Until recently, the definition of international relations as the study of egoistic competition in an unregulated environment set the terms of debate in the literature. Thus, the “neorealist-neoliberal debate” has been primarily concerned with the barriers to cooperation, the relative importance of wealth verses security, and the degree to which institutions can ameliorate the harsher aspects of anarchy. 5   As Robert Jervis points out, for neorealism (and, I would add, institutionalism), the actors’ values, preferences, beliefs, and definition of self are all exogenous to the model and must be provided before analysis can begin. 6   The preceding pages suggest that in doing so we miss some crucial elements of international politics.

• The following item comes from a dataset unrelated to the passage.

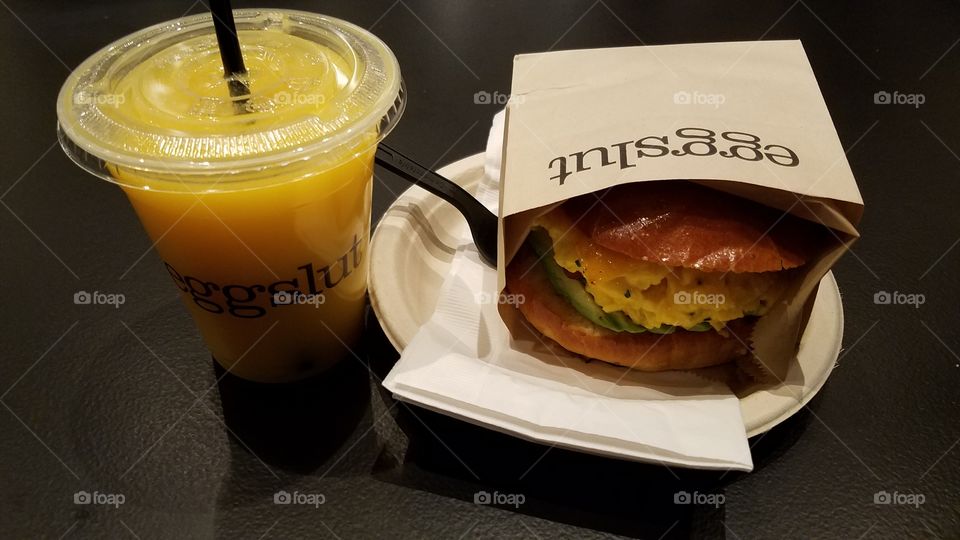 Eggslut Las Vegas Fairfax Sandwich and Fresh OJ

This book tried to address some of these missing pieces by showing how definitions of self and other can influence and sometimes change the social environment through which states interact. This supports the constructivist claim that there can be different types of anarchies. Once anarchy becomes a variable rather than a constant condition, we are freed from the assumption that rational egoism is necessarily the starting point of analysis. Thus there is a greater range of possible security arrangements, and other factors come into play in determining which is ultimately constructed during a particular period. Power is an important factor in understanding the range of options a given political actor can consider, yet it does not provide grounds for purposive or meaningful action, only the means to take action. Under some circumstances states may use power to forcibly attain specific ends at the expense of other states. In other situations states may use their power to facilitate more cohesive relations with selected states. As a result, power is also indeterminate.

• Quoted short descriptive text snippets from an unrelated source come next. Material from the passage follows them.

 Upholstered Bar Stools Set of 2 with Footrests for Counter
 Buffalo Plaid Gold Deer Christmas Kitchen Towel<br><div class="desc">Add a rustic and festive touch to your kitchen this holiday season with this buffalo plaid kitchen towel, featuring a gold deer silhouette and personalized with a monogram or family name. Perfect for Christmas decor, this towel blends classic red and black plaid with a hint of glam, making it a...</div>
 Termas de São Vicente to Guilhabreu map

This study contributes to a growing constructivist literature by showing through empirical examination that self-help and its consequences are not universal and unchanging results of anarchy. By focusing on how states can overcome the barriers created by anarchy rather than on the barriers themselves, the book supports the constructivist proposition that the international system is made rather than given. In highlighting the importance of intersubjective variables, in this case transnational identity, this study demonstrates the limits of a strictly materialist analysis. This suggests that much of what occurs in international relations cannot be explained by applying economistic, rational choice models. Rather, the application of sociological insights to the study of international politics can greatly expand the horizon of our field.

By showing how states can create cohesive security arrangements based on the idea of a common good, the book also helps to confirm the constructivist claim that preferences are influenced by social norms, social roles, and historically contingent discourse. Moreover, the empirical chapters showed many clear examples of how the interaction among state actors can change their self-perceptions. This supports the constructivist hypothesis that there is a direct positive correlation between what actors do and what they are. Until recently, most of these claims were based on theoretical argument. It is only in the past few years that attempts have been made to apply these insights to empirical cases. 7   The preceding pages help to strengthen these constructivist claims by examining cases that were hitherto within the sole province of realism, security studies.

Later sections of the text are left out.